DATASET EXTRACT:
*** Begin section ***

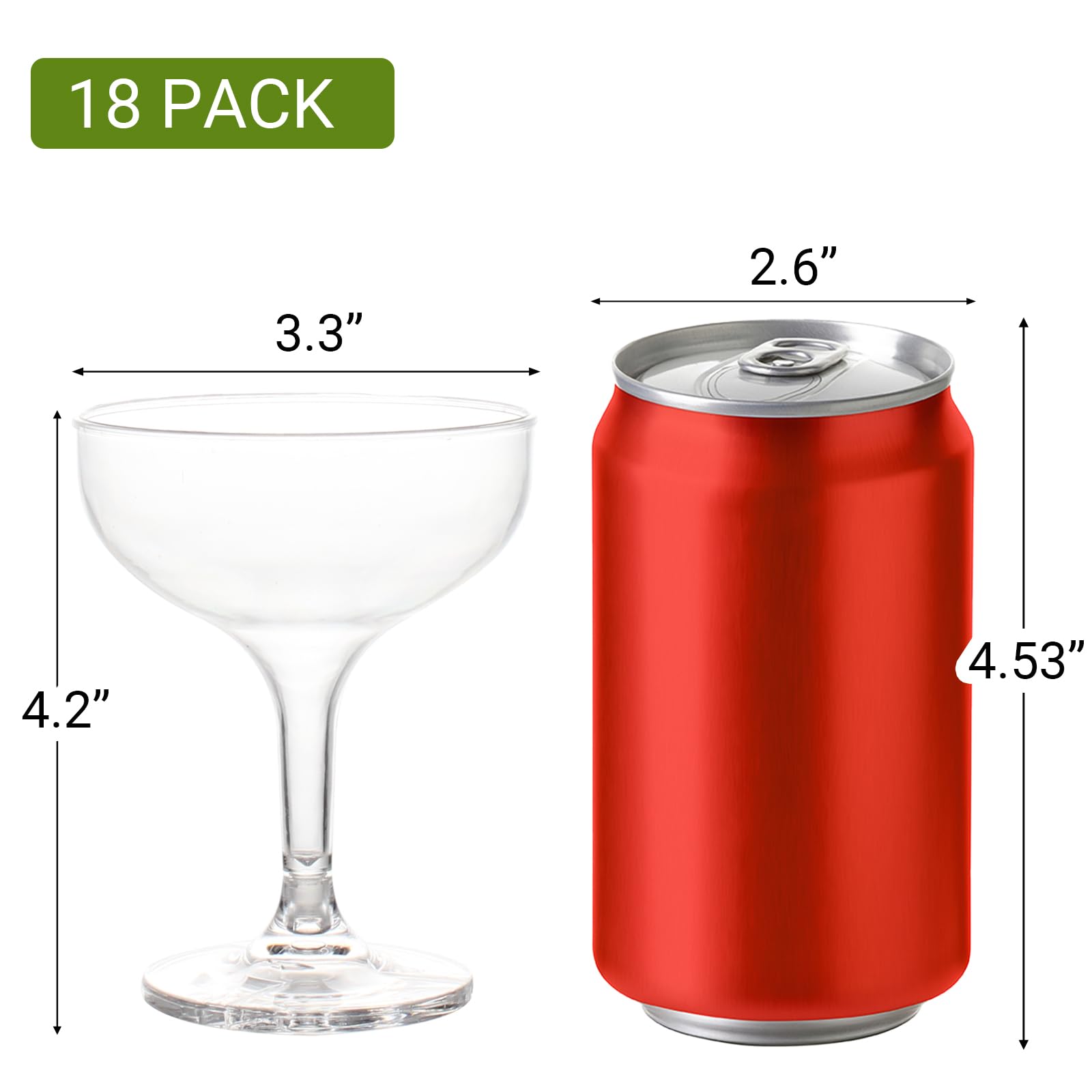 Kit 12 Taças De Acrílico Para Martini - Inquebráveis E Elegantes
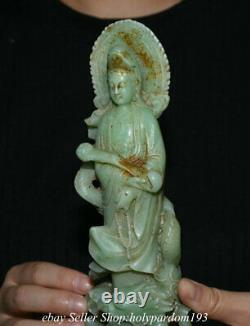 8.8 Vieux Chinois Natural Green Jade Carving Kwan-yin Guan Yin Goddess Dragon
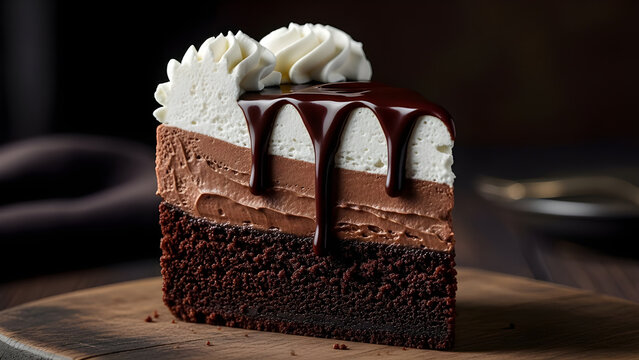 Decadent triple layer chocolate mousse cake slice with whipped cream and chocolate drizzle - Powered by Adobe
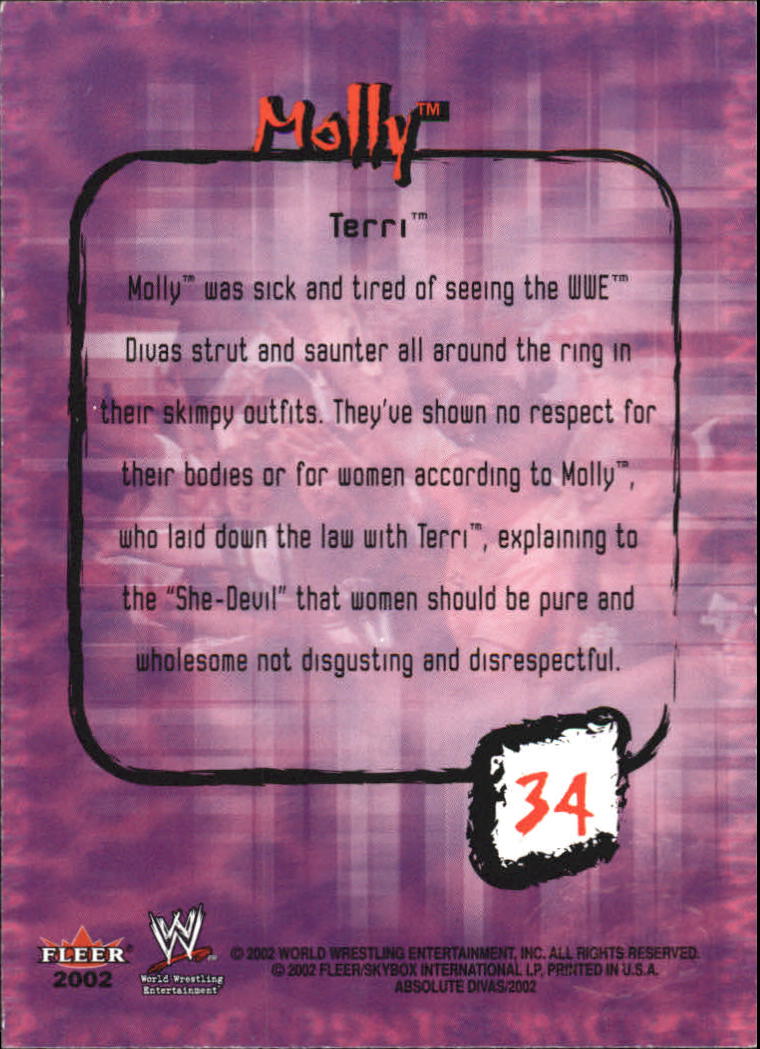 2002 Fleer WWE Absolute Divas #34 Molly back image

*** End section ***

GOAL OF THE EXERCISE: Give back the material above word for word; no picture belongs in it.

RESPONSE FOR THIS EXERCISE:
 Kit 12 Taças De Acrílico Para Martini - Inquebráveis E Elegantes
 8.8 Vieux Chinois Natural Green Jade Carving Kwan-yin Guan Yin Goddess Dragon
 Decadent triple layer chocolate mousse cake slice with whipped cream and chocolate drizzle - Powered by Adobe
 2002 Fleer WWE Absolute Divas #34 Molly back image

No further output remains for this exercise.